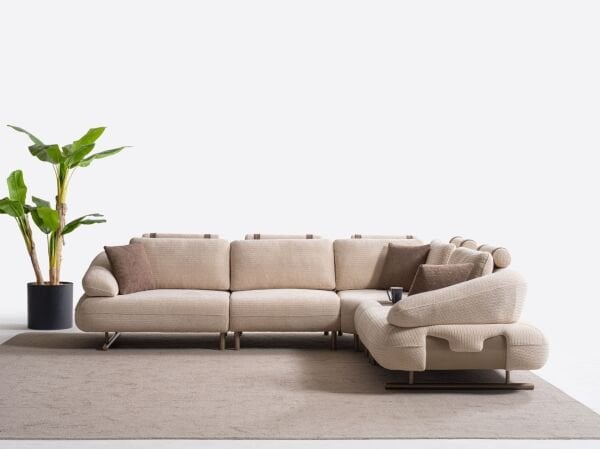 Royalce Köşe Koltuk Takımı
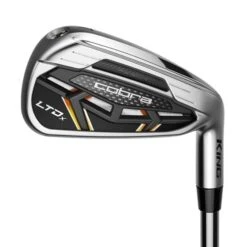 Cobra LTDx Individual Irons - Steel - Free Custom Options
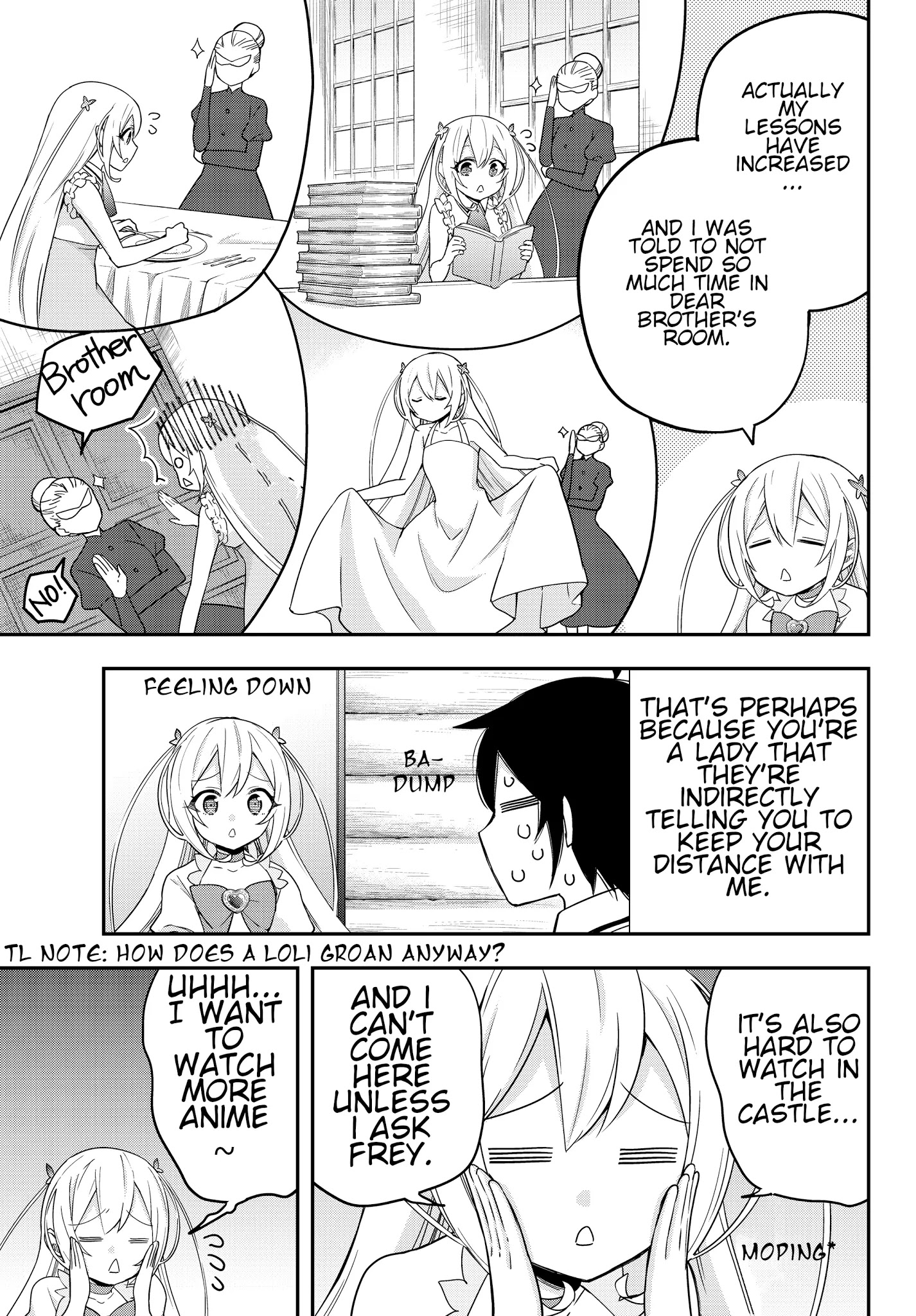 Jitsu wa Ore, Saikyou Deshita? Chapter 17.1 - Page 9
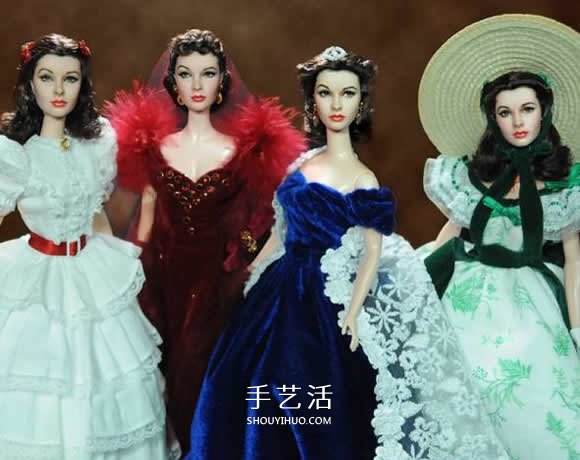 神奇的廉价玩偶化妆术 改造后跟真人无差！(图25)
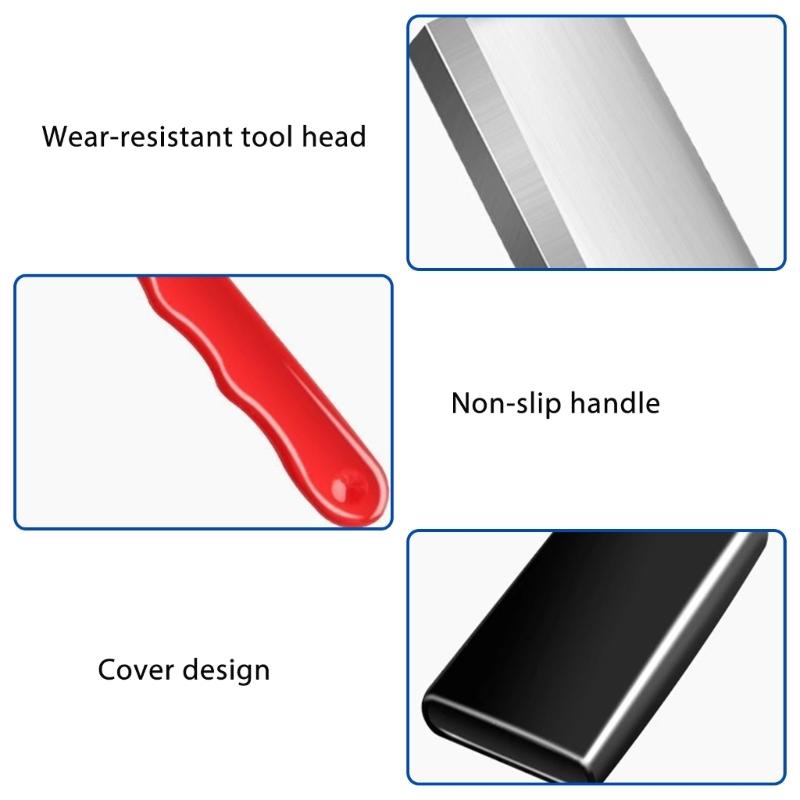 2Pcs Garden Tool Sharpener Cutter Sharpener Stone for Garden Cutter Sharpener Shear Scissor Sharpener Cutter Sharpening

----

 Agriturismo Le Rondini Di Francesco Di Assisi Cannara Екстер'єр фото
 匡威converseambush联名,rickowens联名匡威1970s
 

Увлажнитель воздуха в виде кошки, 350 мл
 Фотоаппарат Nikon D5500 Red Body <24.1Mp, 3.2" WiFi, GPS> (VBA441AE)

----

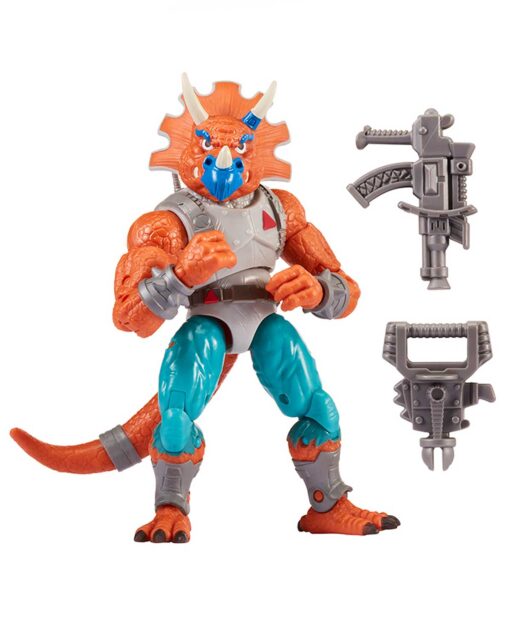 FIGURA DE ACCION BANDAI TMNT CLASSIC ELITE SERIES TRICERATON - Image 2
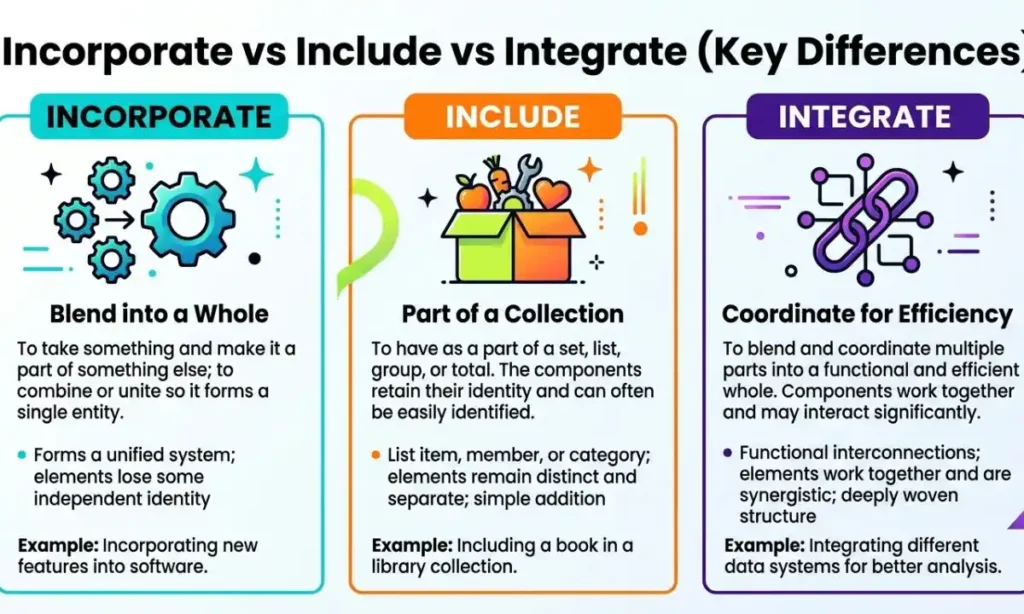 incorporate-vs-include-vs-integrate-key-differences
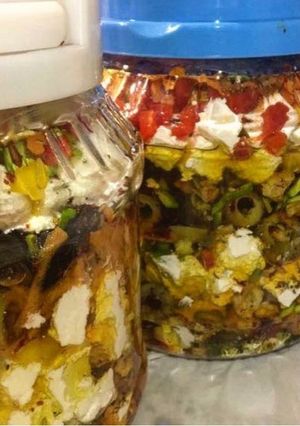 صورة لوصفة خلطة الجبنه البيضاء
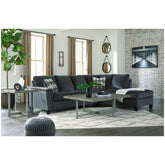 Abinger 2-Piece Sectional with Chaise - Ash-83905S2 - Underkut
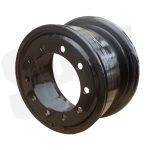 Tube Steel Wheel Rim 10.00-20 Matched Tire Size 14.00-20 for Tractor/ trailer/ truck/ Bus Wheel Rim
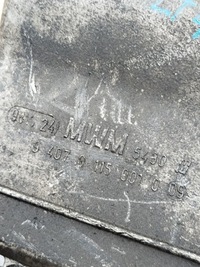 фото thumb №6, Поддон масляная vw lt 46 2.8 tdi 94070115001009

----

Task description
Starting from the line with "Royalce Köşe Koltuk Takımı" in the records above, repeat each line exactly until you have written the line with "2Pcs Garden Tool", then stop; drop the pictures.

Output of the exercise
 Royalce Köşe Koltuk Takımı
 Cobra LTDx Individual Irons - Steel - Free Custom Options
 Jitsu wa Ore, Saikyou Deshita? Chapter 17.1 - Page 9
 神奇的廉价玩偶化妆术 改造后跟真人无差！(图25)
 2Pcs Garden Tool Sharpener Cutter Sharpener Stone for Garden Cutter Sharpener Shear Scissor Sharpener Cutter Sharpening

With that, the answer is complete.